Fourth, the research points to an interesting and novel connection between property quality and pet ownership. Where previous research identifies poor property quality as a contributor to feelings of housing insecurity, for households renting with pets the relationship was more complex. While the poor quality of advertised pet-friendly properties was clearly viewed as a negative and contributed to the stress of moving house, the choice of poorer quality properties was also a strategy that pet owners used to secure housing in a competitive market. A second strategy was not requesting property repairs so that the agent and landlord would not think about or need to attend the property. This brought the risk of steadily decreasing property quality which is a concern for both tenants and landlords, but was framed by these participants as a way of assuring rental security over time.

Further research testing the significance of pets across a representative population sample would be of value. This research could valuably expand beyond the present paper’s focus on senses of housing security in renter households to ascertain the connection between pets and ‘real’ housing insecurity through comparing the housing access and mobility of households that include and do not include pets. Research with landlords and real estate tenancy managers would further extend this focus, bringing understanding of how these groups conceptualise pets.
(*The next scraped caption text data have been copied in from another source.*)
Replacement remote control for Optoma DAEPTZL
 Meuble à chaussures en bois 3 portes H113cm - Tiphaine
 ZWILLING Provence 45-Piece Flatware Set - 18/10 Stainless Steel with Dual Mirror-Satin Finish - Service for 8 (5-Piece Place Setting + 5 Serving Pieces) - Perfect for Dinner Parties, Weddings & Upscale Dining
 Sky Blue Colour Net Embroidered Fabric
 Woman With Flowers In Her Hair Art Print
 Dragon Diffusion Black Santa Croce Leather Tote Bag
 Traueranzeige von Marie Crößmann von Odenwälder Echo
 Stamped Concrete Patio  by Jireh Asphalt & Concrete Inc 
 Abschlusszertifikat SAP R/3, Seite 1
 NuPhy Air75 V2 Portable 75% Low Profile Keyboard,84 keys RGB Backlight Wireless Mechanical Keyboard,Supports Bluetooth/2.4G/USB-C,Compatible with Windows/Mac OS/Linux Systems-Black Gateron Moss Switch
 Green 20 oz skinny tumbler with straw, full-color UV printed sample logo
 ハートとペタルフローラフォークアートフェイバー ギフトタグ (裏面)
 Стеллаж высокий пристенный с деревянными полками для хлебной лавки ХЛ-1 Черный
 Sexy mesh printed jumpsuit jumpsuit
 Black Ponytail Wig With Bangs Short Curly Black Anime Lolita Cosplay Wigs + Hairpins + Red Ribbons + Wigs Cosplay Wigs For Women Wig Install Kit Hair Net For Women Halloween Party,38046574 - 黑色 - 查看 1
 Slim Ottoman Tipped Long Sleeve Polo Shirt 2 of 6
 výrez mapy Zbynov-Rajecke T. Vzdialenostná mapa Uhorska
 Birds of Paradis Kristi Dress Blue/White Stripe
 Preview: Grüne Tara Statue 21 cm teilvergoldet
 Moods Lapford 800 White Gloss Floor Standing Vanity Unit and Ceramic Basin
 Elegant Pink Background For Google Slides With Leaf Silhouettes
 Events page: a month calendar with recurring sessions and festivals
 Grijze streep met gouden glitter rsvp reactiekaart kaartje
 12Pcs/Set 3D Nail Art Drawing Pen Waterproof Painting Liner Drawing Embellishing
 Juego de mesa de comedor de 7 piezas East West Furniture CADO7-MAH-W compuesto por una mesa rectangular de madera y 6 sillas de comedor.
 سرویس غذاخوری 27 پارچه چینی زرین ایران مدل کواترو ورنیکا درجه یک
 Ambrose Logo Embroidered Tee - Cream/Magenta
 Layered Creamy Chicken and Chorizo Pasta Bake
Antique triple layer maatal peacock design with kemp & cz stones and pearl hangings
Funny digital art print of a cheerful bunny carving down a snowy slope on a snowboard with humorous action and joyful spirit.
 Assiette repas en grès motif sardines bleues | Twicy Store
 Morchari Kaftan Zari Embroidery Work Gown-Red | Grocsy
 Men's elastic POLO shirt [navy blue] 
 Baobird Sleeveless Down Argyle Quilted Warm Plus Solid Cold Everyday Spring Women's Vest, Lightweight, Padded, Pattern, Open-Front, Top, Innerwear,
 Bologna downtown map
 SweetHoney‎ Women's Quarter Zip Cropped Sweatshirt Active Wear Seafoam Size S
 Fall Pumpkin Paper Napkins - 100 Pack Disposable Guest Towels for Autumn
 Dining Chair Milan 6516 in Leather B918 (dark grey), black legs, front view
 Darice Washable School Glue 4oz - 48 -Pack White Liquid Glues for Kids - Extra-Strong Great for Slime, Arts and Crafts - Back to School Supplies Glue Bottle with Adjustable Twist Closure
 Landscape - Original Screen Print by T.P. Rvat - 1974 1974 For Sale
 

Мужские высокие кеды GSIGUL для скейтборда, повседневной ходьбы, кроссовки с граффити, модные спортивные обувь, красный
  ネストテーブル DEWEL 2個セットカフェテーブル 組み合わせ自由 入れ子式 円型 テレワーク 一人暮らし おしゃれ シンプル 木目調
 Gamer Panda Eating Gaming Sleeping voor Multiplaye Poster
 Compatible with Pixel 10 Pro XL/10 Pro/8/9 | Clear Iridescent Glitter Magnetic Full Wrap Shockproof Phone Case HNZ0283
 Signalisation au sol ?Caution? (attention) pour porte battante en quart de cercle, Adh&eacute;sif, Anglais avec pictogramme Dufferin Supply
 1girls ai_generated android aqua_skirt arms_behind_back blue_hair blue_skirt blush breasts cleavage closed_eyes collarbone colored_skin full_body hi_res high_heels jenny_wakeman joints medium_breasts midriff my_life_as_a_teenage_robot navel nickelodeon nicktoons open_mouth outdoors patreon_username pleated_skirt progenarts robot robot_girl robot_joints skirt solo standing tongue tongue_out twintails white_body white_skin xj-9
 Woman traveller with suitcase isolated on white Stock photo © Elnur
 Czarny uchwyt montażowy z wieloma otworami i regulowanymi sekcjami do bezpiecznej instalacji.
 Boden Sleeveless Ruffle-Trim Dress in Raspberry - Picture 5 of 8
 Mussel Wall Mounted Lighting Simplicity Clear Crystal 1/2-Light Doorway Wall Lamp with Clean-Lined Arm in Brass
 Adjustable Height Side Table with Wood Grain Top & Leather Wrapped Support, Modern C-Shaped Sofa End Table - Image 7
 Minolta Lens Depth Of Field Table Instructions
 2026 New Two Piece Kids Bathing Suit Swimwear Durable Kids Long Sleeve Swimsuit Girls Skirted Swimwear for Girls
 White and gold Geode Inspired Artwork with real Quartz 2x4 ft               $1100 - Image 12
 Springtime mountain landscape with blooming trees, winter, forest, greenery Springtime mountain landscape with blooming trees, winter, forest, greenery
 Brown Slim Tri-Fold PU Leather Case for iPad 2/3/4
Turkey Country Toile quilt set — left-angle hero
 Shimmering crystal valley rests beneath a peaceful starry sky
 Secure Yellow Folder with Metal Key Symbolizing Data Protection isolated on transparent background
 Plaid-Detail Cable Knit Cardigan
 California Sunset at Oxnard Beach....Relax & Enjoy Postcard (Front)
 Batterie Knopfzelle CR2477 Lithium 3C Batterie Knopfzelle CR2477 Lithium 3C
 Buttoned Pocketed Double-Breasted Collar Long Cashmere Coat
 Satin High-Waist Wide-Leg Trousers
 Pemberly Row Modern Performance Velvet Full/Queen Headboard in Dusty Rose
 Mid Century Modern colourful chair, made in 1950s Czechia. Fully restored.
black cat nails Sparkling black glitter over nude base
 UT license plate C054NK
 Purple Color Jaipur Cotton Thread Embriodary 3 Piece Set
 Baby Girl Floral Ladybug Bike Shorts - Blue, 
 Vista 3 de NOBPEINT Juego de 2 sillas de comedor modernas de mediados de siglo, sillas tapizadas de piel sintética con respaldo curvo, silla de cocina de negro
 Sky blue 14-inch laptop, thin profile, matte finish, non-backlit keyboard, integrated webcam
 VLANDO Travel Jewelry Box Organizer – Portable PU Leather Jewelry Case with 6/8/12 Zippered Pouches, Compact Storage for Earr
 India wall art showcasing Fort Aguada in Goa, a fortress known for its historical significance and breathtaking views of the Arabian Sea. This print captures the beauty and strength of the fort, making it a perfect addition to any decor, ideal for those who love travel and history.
The findings further suggest the value of including pet ownership as a discriminating factor in access to rental housing, alongside factors such as household income, age, type and ethnicity that are already research recognised. Though restrictions on pet ownership cannot be considered as discrimination in the way that racism or age-based selection are, the social importance of pet-keeping, and the close bonds between people and their pets, make it an issue of community interest. More pointedly, the vast numbers of animals being relinquished to shelters and pounds, and the recognised role that limited volumes of pet-friendly housing play within these figures, make the issue of broader ethical concern.

Disclosure statement

No potential conflict of interest was reported by the author.

Funding

This research was funded through the Western Sydney University industry Research Partnerships Program in conjunction with MARS Petcare.

Acknowledgements

My thanks go to the people who participated in this research in the online survey and particularly those who gave their time to share their experiences in an in-depth interview. Thanks also to Brownyn Bate for excellent research assistance throughout the project, and to Tim Adams and Susie Willis from the former Petcare Information and Advisory Service who were my initial collaborators in the project. Finally, I have appreciated the constructive and valuable thoughts of the referees: their insights have improved the paper.

Notes

1. New South Wales is the state within which Sydney, the research location, is located.

2. In Australia, Strata Title governs the majority of apartments. It allows for separate ownership of each apartment within a building and governance through a ‘body corporate’ consisting of property owners. Tenants are not part of the body corporate and cannot vote on any issue, including apartment building management or by-laws governing apartments.